Fourth, the case involves intertwined evidentiary and procedural disputes. It encompasses a massive volume of medical insurance settlement data, electronic ledgers, medical records, and numerous pieces of testimonial evidence, alongside procedural issues such as disputes over the authenticity of interrogation audio and video recordings, the failure of key witnesses to appear in court, and the impact of separate trials on cross-examination.
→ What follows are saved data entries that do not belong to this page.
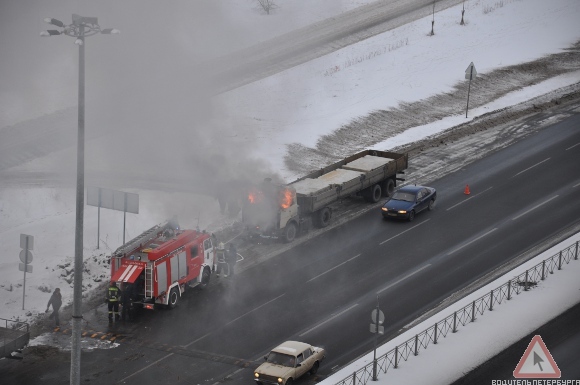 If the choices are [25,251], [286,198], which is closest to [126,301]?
[25,251]

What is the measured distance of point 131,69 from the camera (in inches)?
1943

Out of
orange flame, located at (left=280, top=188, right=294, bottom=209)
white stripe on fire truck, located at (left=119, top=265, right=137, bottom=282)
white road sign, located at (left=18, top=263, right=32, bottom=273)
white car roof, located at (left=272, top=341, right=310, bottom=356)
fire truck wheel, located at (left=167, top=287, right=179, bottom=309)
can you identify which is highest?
orange flame, located at (left=280, top=188, right=294, bottom=209)

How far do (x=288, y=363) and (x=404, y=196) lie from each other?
17.8 metres

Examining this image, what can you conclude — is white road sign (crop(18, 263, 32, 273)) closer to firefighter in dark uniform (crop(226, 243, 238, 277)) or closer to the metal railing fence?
firefighter in dark uniform (crop(226, 243, 238, 277))

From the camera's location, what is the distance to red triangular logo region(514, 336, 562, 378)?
25.8 m

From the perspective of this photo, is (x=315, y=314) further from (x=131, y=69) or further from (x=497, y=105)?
(x=497, y=105)

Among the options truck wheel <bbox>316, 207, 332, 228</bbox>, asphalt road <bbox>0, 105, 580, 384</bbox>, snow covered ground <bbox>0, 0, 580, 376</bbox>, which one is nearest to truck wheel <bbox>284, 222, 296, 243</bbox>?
asphalt road <bbox>0, 105, 580, 384</bbox>

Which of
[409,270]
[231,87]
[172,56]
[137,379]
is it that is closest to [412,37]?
[231,87]

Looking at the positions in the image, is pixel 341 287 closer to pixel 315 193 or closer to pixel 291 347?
pixel 315 193

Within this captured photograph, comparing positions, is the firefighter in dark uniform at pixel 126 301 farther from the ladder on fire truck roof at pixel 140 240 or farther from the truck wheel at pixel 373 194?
the truck wheel at pixel 373 194

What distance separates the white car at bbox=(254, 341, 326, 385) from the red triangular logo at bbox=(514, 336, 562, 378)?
6.42 m

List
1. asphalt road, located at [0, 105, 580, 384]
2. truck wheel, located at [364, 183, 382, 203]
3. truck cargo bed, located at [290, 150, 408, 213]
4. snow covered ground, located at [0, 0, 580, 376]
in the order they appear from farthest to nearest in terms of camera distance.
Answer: truck wheel, located at [364, 183, 382, 203] → truck cargo bed, located at [290, 150, 408, 213] → snow covered ground, located at [0, 0, 580, 376] → asphalt road, located at [0, 105, 580, 384]

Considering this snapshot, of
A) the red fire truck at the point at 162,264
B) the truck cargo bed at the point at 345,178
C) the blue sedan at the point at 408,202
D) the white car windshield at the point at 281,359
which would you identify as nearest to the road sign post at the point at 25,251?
the red fire truck at the point at 162,264

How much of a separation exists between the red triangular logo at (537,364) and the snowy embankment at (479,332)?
2.40 m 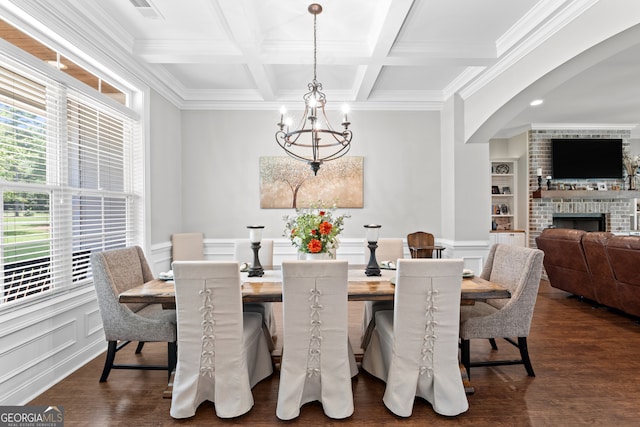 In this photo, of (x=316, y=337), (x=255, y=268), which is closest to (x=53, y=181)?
(x=255, y=268)

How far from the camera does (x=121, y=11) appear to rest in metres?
2.80

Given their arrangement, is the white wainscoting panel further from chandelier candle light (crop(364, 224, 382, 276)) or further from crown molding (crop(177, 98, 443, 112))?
crown molding (crop(177, 98, 443, 112))

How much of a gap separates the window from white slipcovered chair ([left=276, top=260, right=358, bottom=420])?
5.71 feet

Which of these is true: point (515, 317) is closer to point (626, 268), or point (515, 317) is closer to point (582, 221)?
point (626, 268)

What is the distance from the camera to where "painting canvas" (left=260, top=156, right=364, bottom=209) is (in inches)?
191

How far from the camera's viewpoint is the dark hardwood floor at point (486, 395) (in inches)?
81.6

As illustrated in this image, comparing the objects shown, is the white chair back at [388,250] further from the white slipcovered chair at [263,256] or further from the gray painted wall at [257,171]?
the gray painted wall at [257,171]

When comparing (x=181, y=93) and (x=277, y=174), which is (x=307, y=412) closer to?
(x=277, y=174)

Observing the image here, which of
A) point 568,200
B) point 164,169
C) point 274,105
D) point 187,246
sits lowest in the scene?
point 187,246

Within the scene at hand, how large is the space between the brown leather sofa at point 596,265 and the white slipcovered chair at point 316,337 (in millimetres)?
3291

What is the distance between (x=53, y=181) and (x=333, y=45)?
2568 millimetres

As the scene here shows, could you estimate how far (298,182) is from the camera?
15.9 ft

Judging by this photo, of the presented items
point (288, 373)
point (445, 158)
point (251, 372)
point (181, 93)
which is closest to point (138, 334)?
point (251, 372)

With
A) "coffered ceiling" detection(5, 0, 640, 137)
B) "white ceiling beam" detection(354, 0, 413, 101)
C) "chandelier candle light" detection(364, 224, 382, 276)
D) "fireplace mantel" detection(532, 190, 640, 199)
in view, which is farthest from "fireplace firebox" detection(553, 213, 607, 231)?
"chandelier candle light" detection(364, 224, 382, 276) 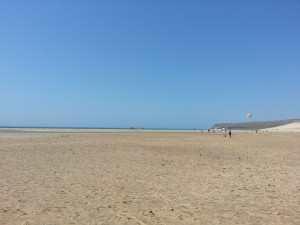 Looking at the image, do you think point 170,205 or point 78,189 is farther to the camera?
point 78,189

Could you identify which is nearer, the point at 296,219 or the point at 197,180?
the point at 296,219

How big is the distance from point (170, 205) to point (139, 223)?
1589 millimetres

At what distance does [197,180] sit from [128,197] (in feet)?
10.9

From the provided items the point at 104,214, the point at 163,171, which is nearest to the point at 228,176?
the point at 163,171

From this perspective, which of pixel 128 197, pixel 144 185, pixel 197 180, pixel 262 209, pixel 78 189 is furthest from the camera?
pixel 197 180

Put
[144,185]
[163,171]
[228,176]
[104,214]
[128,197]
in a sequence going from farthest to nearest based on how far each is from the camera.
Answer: [163,171] < [228,176] < [144,185] < [128,197] < [104,214]

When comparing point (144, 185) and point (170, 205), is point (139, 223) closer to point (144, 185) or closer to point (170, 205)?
point (170, 205)

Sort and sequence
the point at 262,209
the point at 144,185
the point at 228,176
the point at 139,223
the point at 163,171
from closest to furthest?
the point at 139,223
the point at 262,209
the point at 144,185
the point at 228,176
the point at 163,171

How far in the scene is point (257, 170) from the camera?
13594mm

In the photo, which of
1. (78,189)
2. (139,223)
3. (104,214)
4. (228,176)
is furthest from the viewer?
(228,176)

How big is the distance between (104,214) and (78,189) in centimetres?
278

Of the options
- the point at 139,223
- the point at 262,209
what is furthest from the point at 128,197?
the point at 262,209

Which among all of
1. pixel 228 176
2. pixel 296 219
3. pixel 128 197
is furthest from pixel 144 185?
pixel 296 219

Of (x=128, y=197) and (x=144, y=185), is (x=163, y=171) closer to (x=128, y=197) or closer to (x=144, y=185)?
(x=144, y=185) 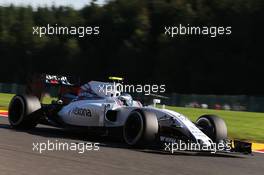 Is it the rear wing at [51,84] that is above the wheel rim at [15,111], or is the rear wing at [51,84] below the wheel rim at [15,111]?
above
III. Defense Plan and Strategy:
A Multi-Dimensional Approach Combining Substantive, Procedural, and Policy Arguments
Faced with the aforementioned challenges, the King&Capital Law Firm team did not adopt a single-pronged strategy of defending for acquittal. Instead, grounded in evidence and the law, we constructed a three-pronged defense system integrating “procedure, substance, and policy.” We submitted nearly 100 pieces of defense evidence, nearly 100 written motions, and various written opinions to the court, totaling hundreds of thousands of words, achieving professional breakthroughs in the following dimensions:
(1) Rigorously Defending the Attribution Structure of Fraud. Demonstrating the Absence of the “Mistaken Belief” Element and the DRGs Blocking Effect
The defense counsel thoroughly applied the legal standards and principles governing fraud charges, pointing out a fundamental flaw in the prosecution’s application of the “deception” element:
1. Evidence of deception is indispensable. The core liability structure of fraud requires a sequence of “deceptive act → mistaken belief → disposition of property → resulting loss.” As the authority specifically exercising disbursement powers, the review staff of the medical insurance administration agency are the decisive actors; whether they fell into a mistaken belief due to false materials directly determines the legal nature of the disbursement. In this case, the medical insurance administration agency—the core “victim”—never provided a victim’s statement, and not a single reviewer testified in court to prove what specific false information led to their mistaken belief and subsequent disbursement of funds. In the absence of this critical testimonial evidence, the characterization of “deception” lacks a foundation.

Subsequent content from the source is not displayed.